* **Web page caption snippets**
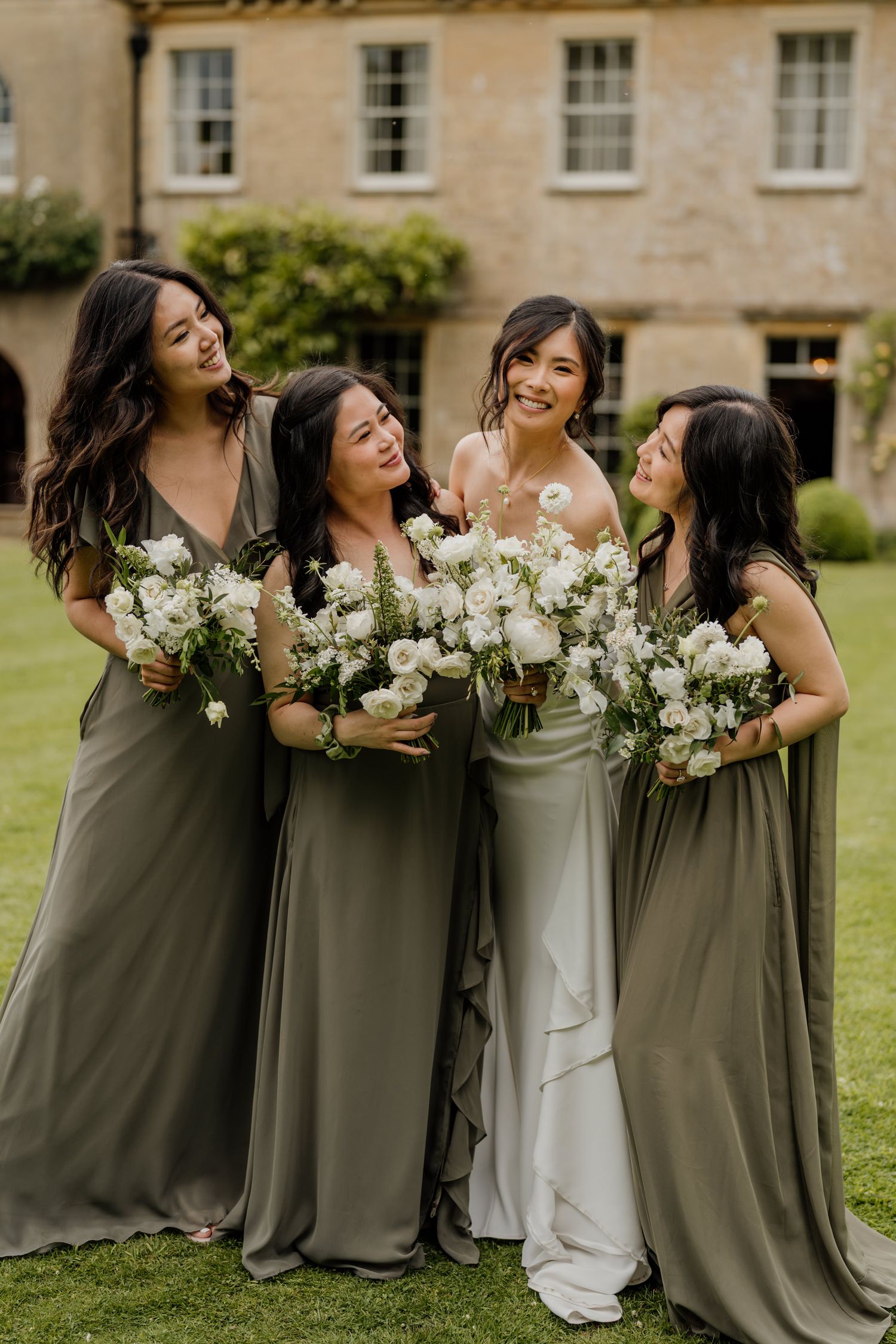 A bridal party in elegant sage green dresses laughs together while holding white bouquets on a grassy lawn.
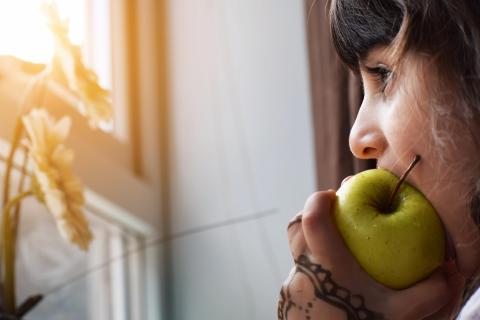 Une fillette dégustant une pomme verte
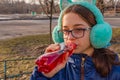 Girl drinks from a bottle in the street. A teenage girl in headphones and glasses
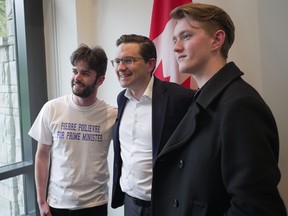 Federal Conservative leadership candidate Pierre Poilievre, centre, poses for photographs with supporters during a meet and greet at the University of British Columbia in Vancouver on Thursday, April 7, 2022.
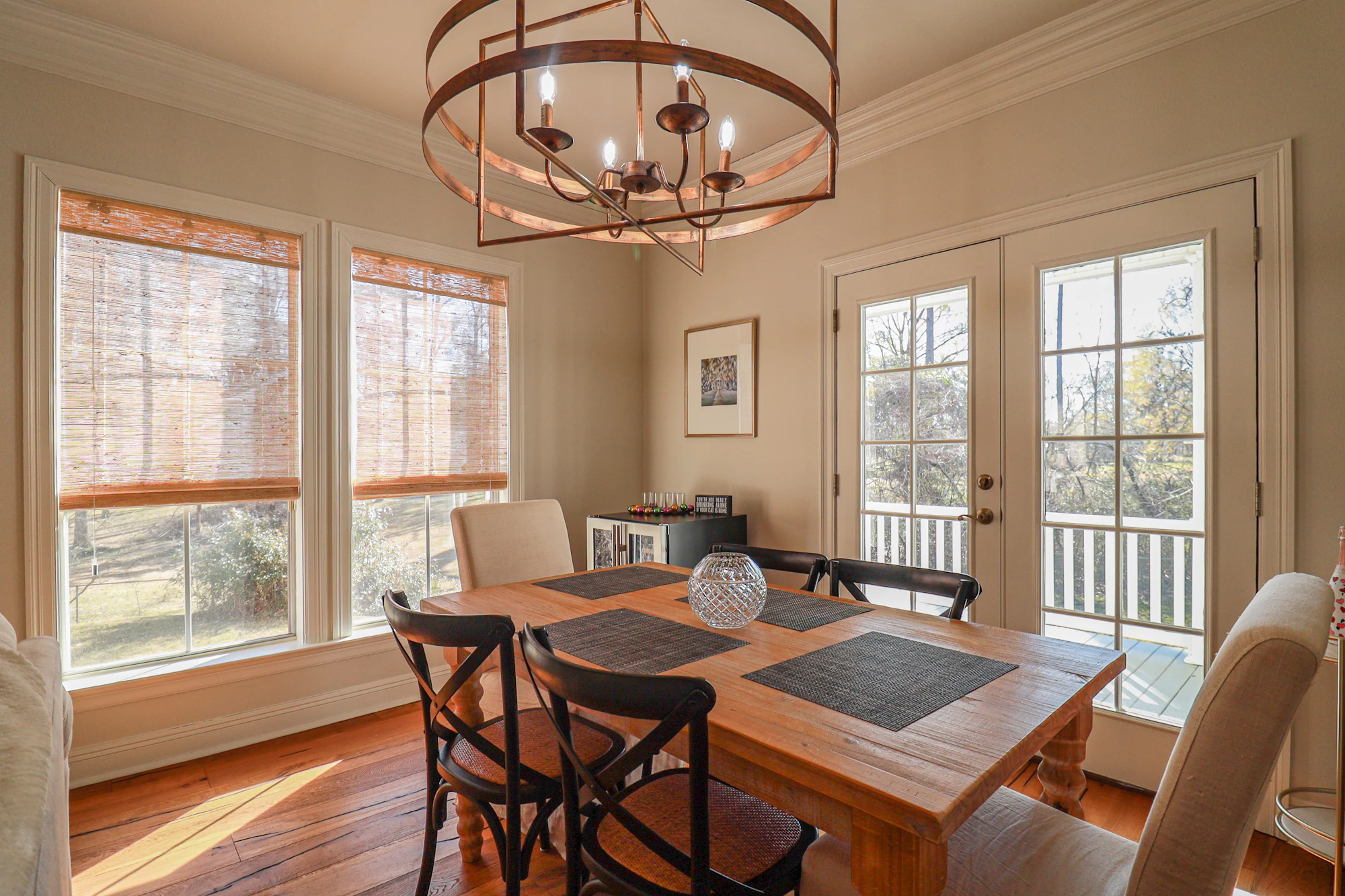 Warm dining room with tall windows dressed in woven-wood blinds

* **EXERCISE**
The answer must be an exact copy of the lines above, from the start of the records through the line with "Girl drinks from", and of nothing else; no pictures belong in it.

* **FINISHED EXERCISE**
 A bridal party in elegant sage green dresses laughs together while holding white bouquets on a grassy lawn.
 Une fillette dégustant une pomme verte
 Girl drinks from a bottle in the street. A teenage girl in headphones and glasses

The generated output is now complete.